Open andrea-taverna opened 4 years ago

andrea-taverna commented 4 years ago

Description: Consider a model where one or more variables are added to a constraint or the objective function but they all have zero coefficients everywhere in the model.

For example:

 model.addConstraint( a * x + b * y >= c)

with a, b, c floats and x, and y LpVariables, and assume that y does not appear in the objective or in any other constraint apart from the one above.

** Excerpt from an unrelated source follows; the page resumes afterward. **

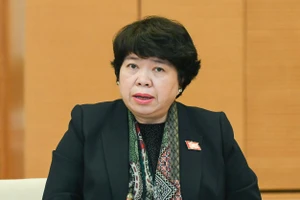 Chủ nhiệm Ủy ban Xã hội Nguyễn Thúy Anh báo cáo tại phiên họp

If someone sets b=0.0 before adding the constraint, then PuLP apparently omits y and invoking y.value() after solving the model will return None.

On the other hand, if one were to manually write an LP file with y listed among the variables but without appearing in any constraint, or in the objective, CBC would still write a feasible value for y in the solution file, usually the lower bound. (see MWE)

Context: I am writing a cutting plane model for dual optimization inside a lagrangian decomposition scheme. At the first iteration of the scheme the cutting plane has only one constraint, the first cut, and it can happen that one (dual) variable in the cut has an exact zero in the coefficient of the constraint. Then, querying the value of the variable after solving the model yields "None".

Issue: In general, this behaviour requires the user to be aware of which variables have zero coefficients everywhere in the model to avoid putting None where valid floats are expected. On the other hand, for these "free" variables it is fine to return any feasible value, as it is already done by CBC and, IIRC, by other software like AMPL.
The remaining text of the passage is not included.